*Your task*
Reproduce the full listing below unchanged, apart from the pictures.

*The data*
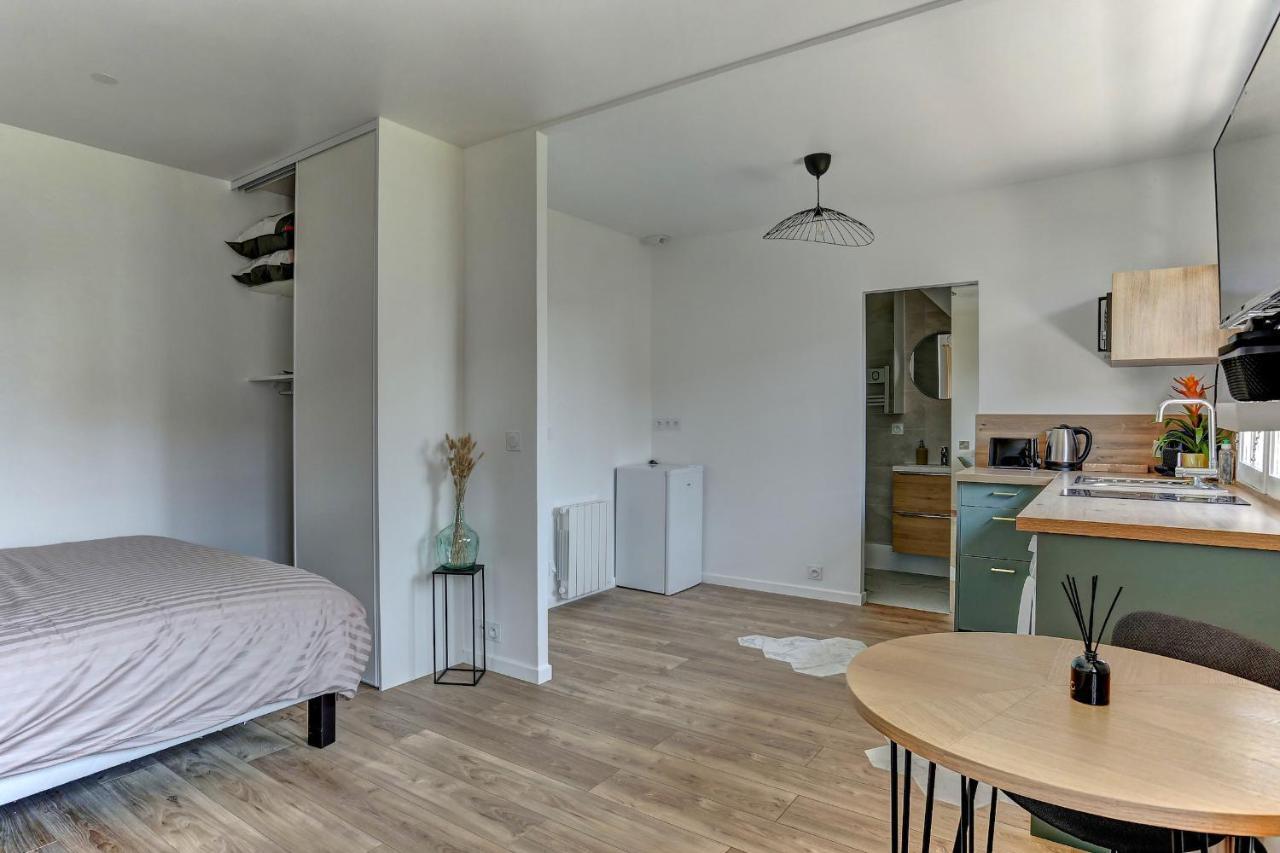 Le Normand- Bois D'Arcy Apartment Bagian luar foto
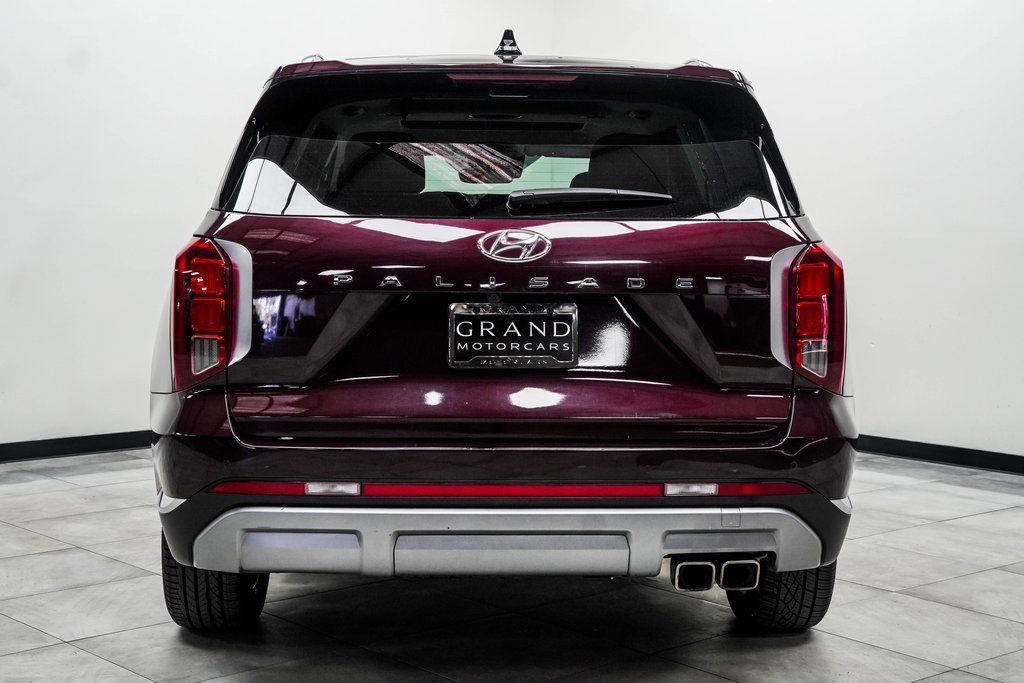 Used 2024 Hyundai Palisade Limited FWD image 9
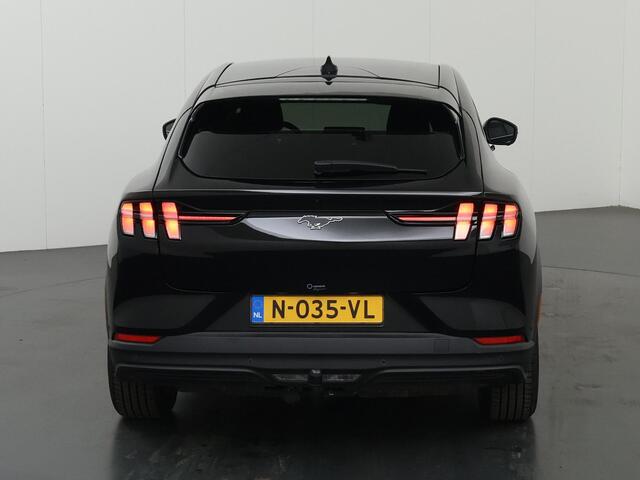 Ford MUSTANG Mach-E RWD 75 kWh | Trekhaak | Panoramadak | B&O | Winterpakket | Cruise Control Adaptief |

*Task result*
 Le Normand- Bois D'Arcy Apartment Bagian luar foto
 Used 2024 Hyundai Palisade Limited FWD image 9
 Ford MUSTANG Mach-E RWD 75 kWh | Trekhaak | Panoramadak | B&O | Winterpakket | Cruise Control Adaptief |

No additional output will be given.